Ashley was great in Resident Evil 4, you could use her as bait, hide her in a dumpster. Ada Wong was also a great female character and violence could happen to her, I image she’s hated by feminists for flimsy reasons. Also haven’t played the game but isn’t there hamfisted stuff about gay characters in TLOU? That really seems like the least important thing to consider in a post apocalyptic world.
Thanks for the summary. While I’m totally with Gamergate on the issues of censorship and SJW bitching, I can’t say I fully get the issue as far as journalism and the industry are concerned (perhaps because anime journalists have no power over the industry whatsoever). Shouldn’t it simply be a matter of:
– if the games suck, don’t buy them
– if the articles suck, don’t read them
Things can get screwed up in the short run, but the people who actually buy and play games are going to get what they want (i.e., pay money for) in the end.
Just looked up the allegedly gay character in TLOU. I guess he’s gay if you read into it? It’s kinda like Dumbledore being gay. Or pretty much anyone being gay.
Shit mate this was a funny review. Not even a gamer but i love the gamergate attitude.
I agree, this review was hilarious.
At the risk of repeating other people, and despite my distaste for anger=humor Youtubers, it’s a pretty worthwhile expenditure of time to watch through Videogamedunkey’s “dunkview” of The Last of Us. I don’t necessarily agree with it, much like everything else the ADHD-addled fucker says, but it does raise some valid points.
That one actually got a lot of flak at the time because at the moment, everybody but everybody who played (read: watched on youtube) it was praising it as the most validating thing since sliced Jesus because of the underaged tiny lesbians that it had, which…SOMEhow… magically made their LIVED EXPERIENCES as PROUD GIANT LAMPREY-HUMAN HYBRIDS suddenly all worthwhile in the grand scheme of things, because they’d really been going through a rough patch of not having enough throats to bleed dry…
And then everybody else who wasn’t blasting the review said it was all a joke because Dunkey being serious about what he says is flatly unfamiliar to any of his fans.
It really needs to be said that his game reviews are the only moment in his entire Youtube channel that Dunkey is ever dead serious.

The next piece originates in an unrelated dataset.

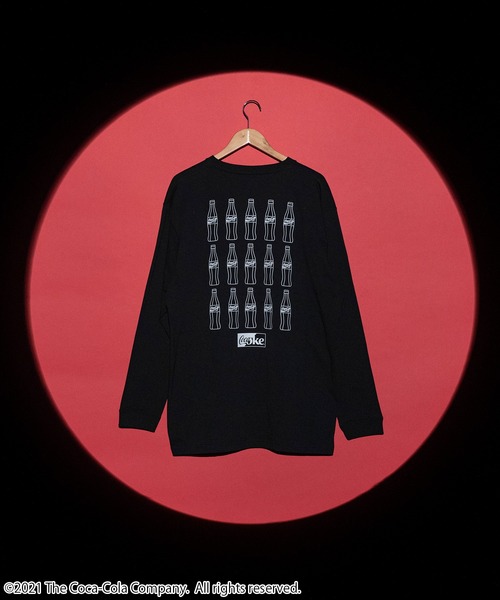 FCRB Bristol コカコーラ　ロング　Tシャツ　Sサイズ FCRB Bristol コカコーラ ロング Tシャツ Sサイズ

It was actually a bit odd being one of the few naysayers back then, even if I was totally disconnected from the entire latte-sipping internet douchebag from San Fran crowd who said The Last of Us was any more or less than Uncharted With Zombies And Feels at the time. I remember even running the game’s totally incongruous e-reception by my sister for a shred of verisimilitude only to get a baffled shrug, and that woman chugs soy lattes like a CHAMP.

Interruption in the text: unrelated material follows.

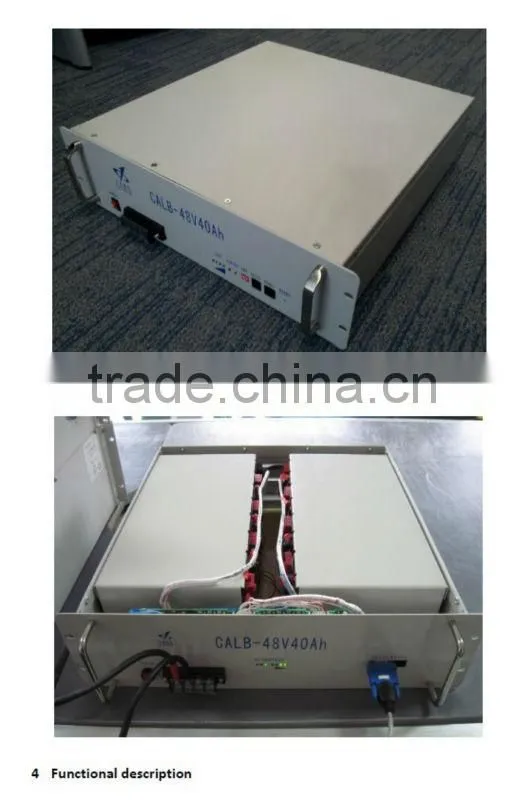 48v40ah battery module for telecom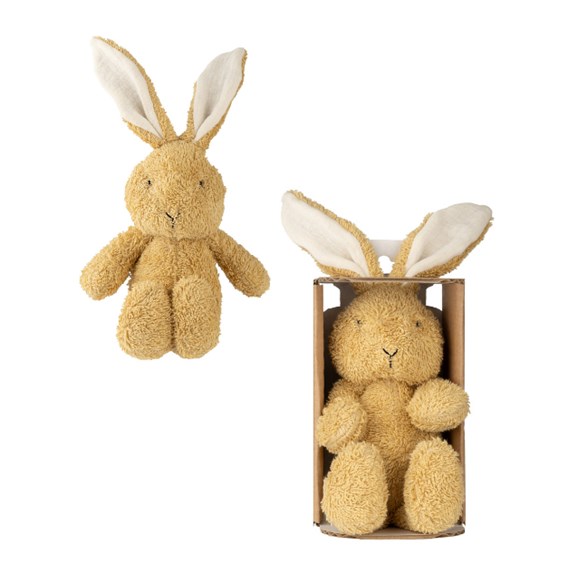 Wooly Organic Kanin beige, 20 cm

Now if you’ll excuse me, I have theoretically infinite numbers of sinuous, voluptuous women to objectify with my stylus and paint program….You see, it’s objectification because THE GUN IS GOOD, THE PENIS IS EVIL.

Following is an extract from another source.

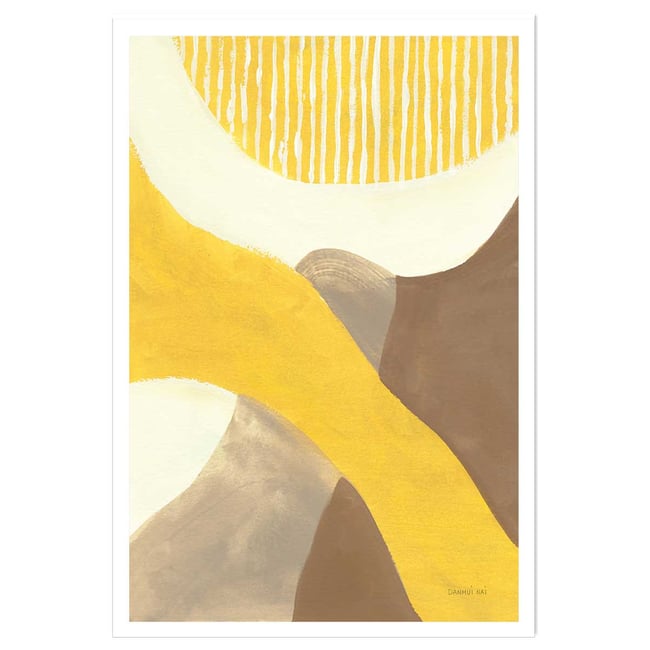 Affiche deco Terres du sud - HEXOA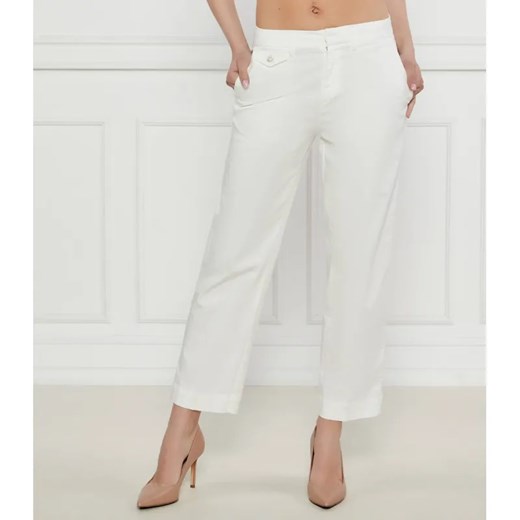 Liu Jo Spodnie chino | Relaxed fit ze sklepu Gomez Fashion Store w kategorii Spodnie damskie - zdjęcie 184522140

You almost made it sound like the video would be more than 2 minutes and 49 seconds long.
I mean, yeah, it’s a perfectly valid review, though I don’t see how he can complain about the ladder/dumpster/floating crates filler in TLOU while praising Uncharted, which had, and this is a conservative estimate, 1000x the environmental puzzle filler.
I was going to compare TLOU to Uncharted myself, but I didn’t want to come off as a n00b who played no other games he could reasonably reference.